Steve Brimm and Amanda Wais headed out onto Lake Fanny Hooe, last week one day, to inspect the ice. Kind of looks like Amanda thought the ice might need a cleaning, but read on and you'll find out why she had a mop with her. Steve took the pictures and Amanda blogged about it, so let me turn the notes over to her, to tell about their adventure on ice.

There is a fine line between listening to what EVERYone else tells you and doing what you know you can do. Here is my example.

Tuesday was a beautifully sunny day. Sooo unseasonably gorgeous. Since it's natural for me to want to be in the most sun possible, my heart was steering me to Lake Fanny Hooe. I was out the day before, and I knew it was traversable. I wanted to go skating. "No." "Don't go out yet." "Don't do it by yourself."

Those were the comments from my townsfolk. I appreciate their concern. So instead, I found Steve Brimm to come out with me. We carried long poles (his was a garden hoe, mine was a mop) in case we did go through. He didn't have skates, so we slid around in out boots.

Verdict: the ice is fine. It was at least three inches thick. I was going to skate on it the next day.
Amanda did skate on Lake Fanny Hooe the next day and enjoyed it immensely, but unfortunately we don't have photos of that to share with you all. In case you're wondering about the giant crack in the ice... Amanda and Steve said it runs from one shore, at the mouth of the Manganese Falls, to the north shore on the other side, but is quite solid. Could it be that it's caused from water movement at the mouth of the falls?

Sure looks like a splendid day they had as Lake Fanny Hooe's unofficial ice inspectors.
By
Deb S. (Usedtobeayooper) on Monday, December 26, 2011 - 08:12 am:

That ice really does look awesome to skate on!! Fun times, for sure!
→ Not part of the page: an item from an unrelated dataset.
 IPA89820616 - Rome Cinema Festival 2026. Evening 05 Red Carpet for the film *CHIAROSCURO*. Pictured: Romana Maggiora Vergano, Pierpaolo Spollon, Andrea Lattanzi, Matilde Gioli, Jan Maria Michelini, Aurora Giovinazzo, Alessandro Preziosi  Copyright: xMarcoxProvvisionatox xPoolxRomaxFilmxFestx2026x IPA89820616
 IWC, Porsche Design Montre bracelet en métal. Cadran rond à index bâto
By RD, Iowa (Rdiowa) on Monday, December 26, 2011 - 08:15 am:

That is one humungous crack! Wonder if its movement ever makes noise?
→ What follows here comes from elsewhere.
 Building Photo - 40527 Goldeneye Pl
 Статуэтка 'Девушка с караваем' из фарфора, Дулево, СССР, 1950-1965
By Alex "UP-Goldwinger" (Alex) on Monday, December 26, 2011 - 08:16 am:

...looks clean too.


By jbuck (Jbuck) on Monday, December 26, 2011 - 08:48 am:

I wondered if she was doing a manual Zamboni process to get the ice ready for a game!

Interesting about the crack... and how the snow piled up right around it.


By Shirley Waggoner (Shirlohio) on Monday, December 26, 2011 - 09:49 am:

I can't skate and most importantly, I can't swim, and with that big crack showing, nobody has to worry about me beating a path to your domain UP there.:] Y'all just enjoy!


By mickill mouse (Ram4) on Monday, December 26, 2011 - 10:34 am:

Love the photo of the shadows of them and their dog.


By Sharon I. Smith (Sharons) on Monday, December 26, 2011 - 02:17 pm:

Amanda doesn't blog every day, but her posts are always fun to read if you want to know about doings in Copper Harbor.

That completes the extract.